Iron is a chemical element with atomic number 26.

It is, by and large, the most widely used metal worldwide. In fact, iron alone represents 95% of metal production worldwide. Thanks to its low cost and its resistance (in the form of steel), iron is an essential construction material. It is widely used in cars, boats, ships, and load-bearing elements in buildings.

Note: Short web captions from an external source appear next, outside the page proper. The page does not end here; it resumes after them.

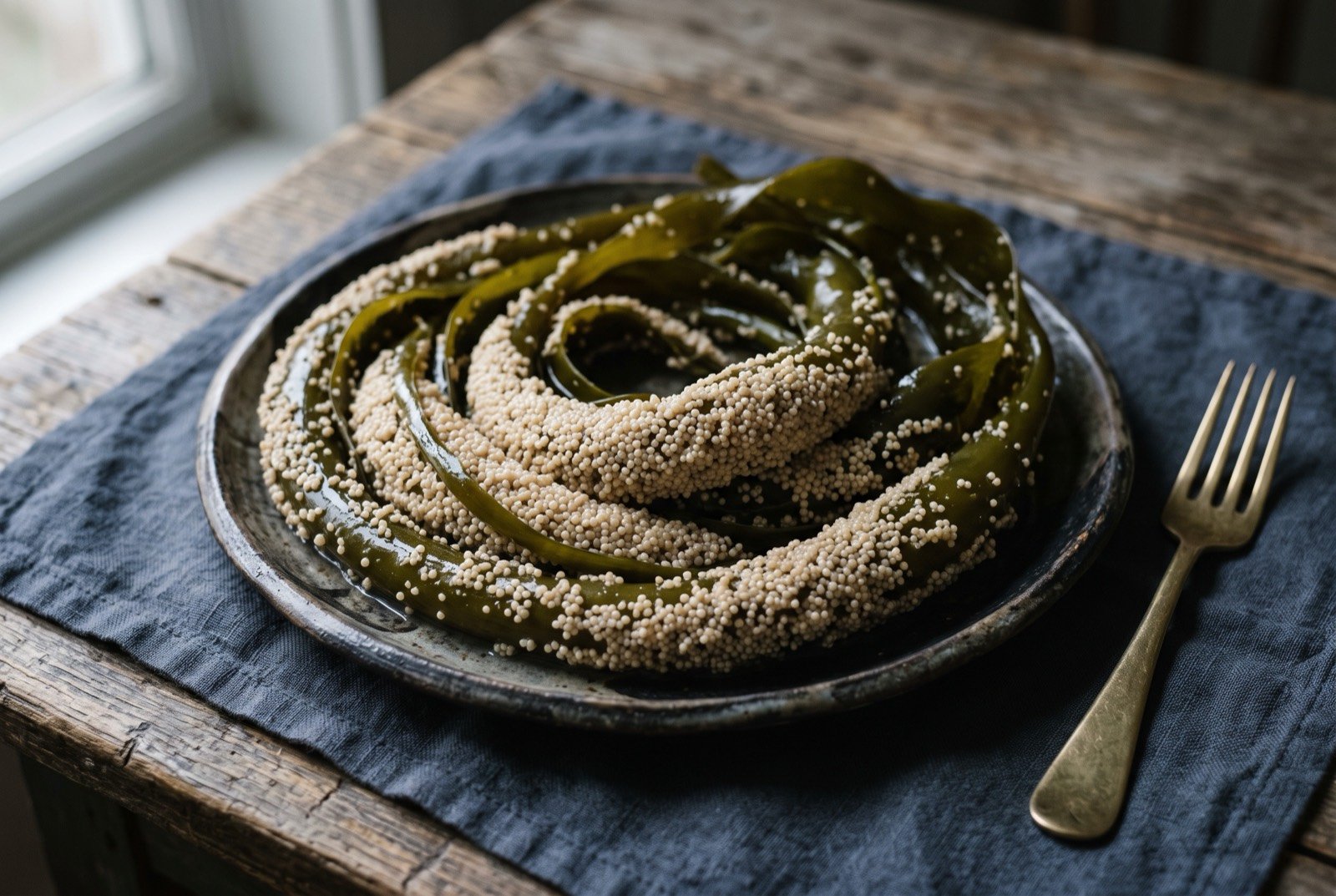 Herring roe on kelp, k'aaw, roe laid directly onto harvested kelp fronds: long, glossy dark green kelp fronds coiled on a plain platter, their surface entirely studded with a dense, pale creamy crust of tiny herring eggs.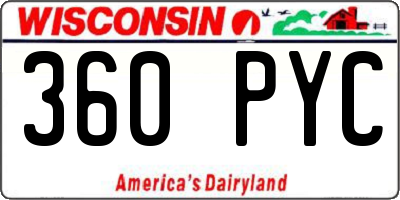 WI license plate 360PYC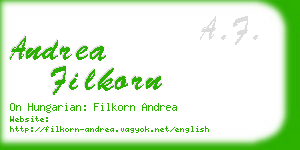 andrea filkorn business card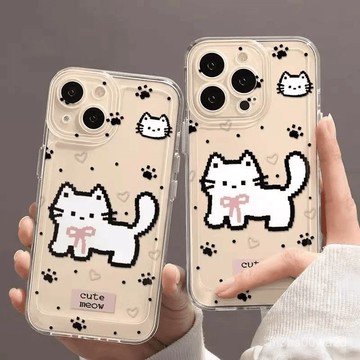 卡通像素小貓 防摔 適用蘋果iphone 78p xr i11 i12 13 14 15 16 pro max手機殼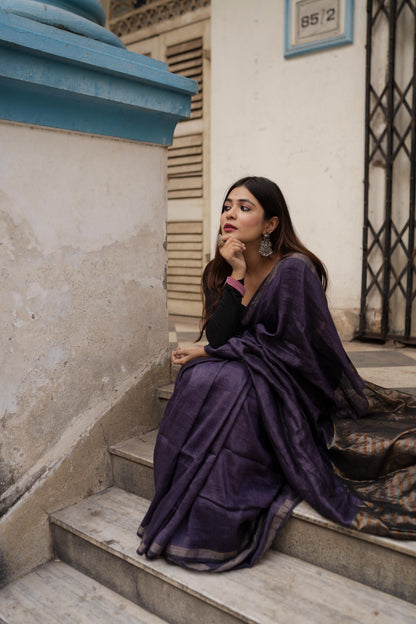 Weaves of Bengal - Sitara- purple linen cotton saree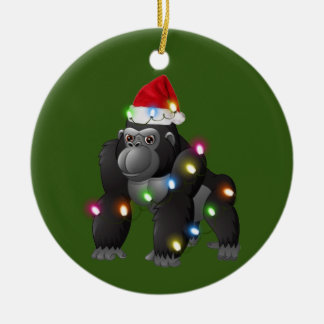 Gorilla met Petten kerst Keramisch Ornament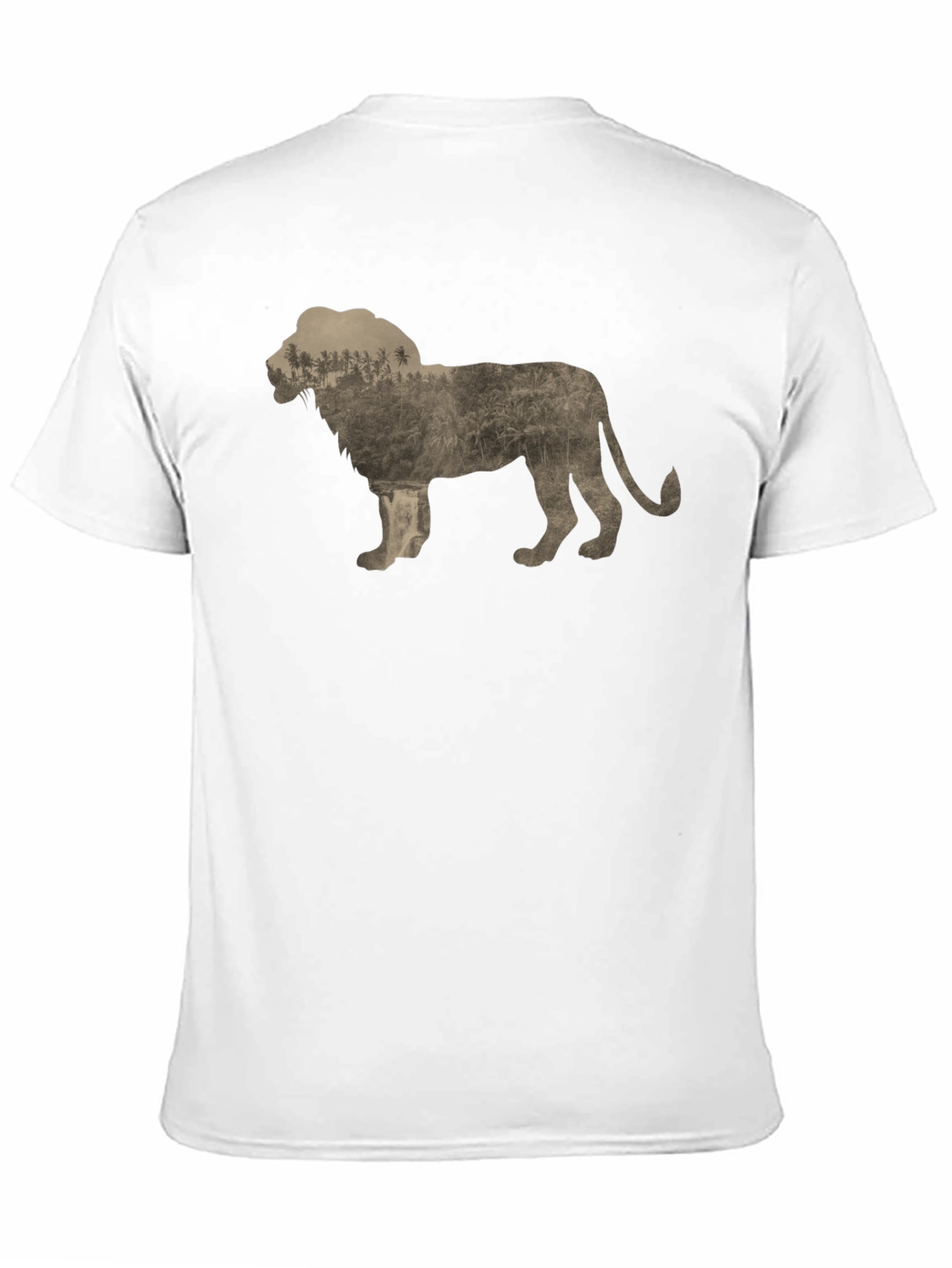 Lion Silhouette Forest Print Black T-Shirt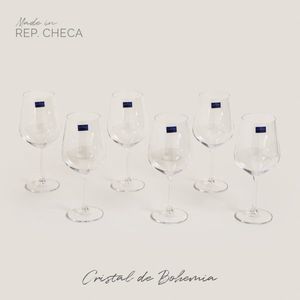 SET X12 COPAS DE CRISTAL DE BOHEMIA TORI 600 ML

The most widely used iron compounds include:

  • pig iron, which contains between 4% and 5% carbon and varying amounts of impurities, such as sulphur, silicon and phosphorous. This material is mainly used at an intermediate stage in the production of cast-iron and steel;
  • cast iron, which contains between 2% and 3.5% carbon and a lower percentage of the above-mentioned impurities. These do not impact negatively on the rheological properties of cast iron. Its melting point is between 1,150°C and 1,200°C, i.e. lower than that of iron and carbon as individual elements. Consequently, cast iron is the first to melt when iron and carbon are heated together. This material is extremely hard and brittle. It breaks easily, even when heated at white heat.
  • carbon steel, which contains between 0.10% and 1.65% carbon. Depending on the quantity or percentage of carbon contained, carbon steel is divided into:

low-carbon steel (less than 0.15%);

medium-carbon steel (between 0.15% and 0.25%);

high-carbon steel (between 0.25% and 0.50%);

ultra-high carbon steel (over 0.50%);

  • wrought iron, which contains less than 0.5% carbon (from a chemical point of view it is iron). This material is hard and malleable. Often the term “iron” is used both for low-carbon and medium-carbon steel;
  • Since 1927, an especially pure type of iron, known as Armco iron, has been produced using a special procedure. It is used in cases where very high magnetic permeability and low magnetic hysteresis are required.
  • special steels, which contain not only carbon, but also other metals, such as chrome, vanadium, molybdenum, nickel and manganese. Thanks to these metals, this alloy is physically or chemically resistant;
  • iron oxide (III) (Fe2O3), in the form of magnetite and maghemite, is appreciated for its magnetic properties and is used in the production of storage media – for example, on magnetic tape polymers.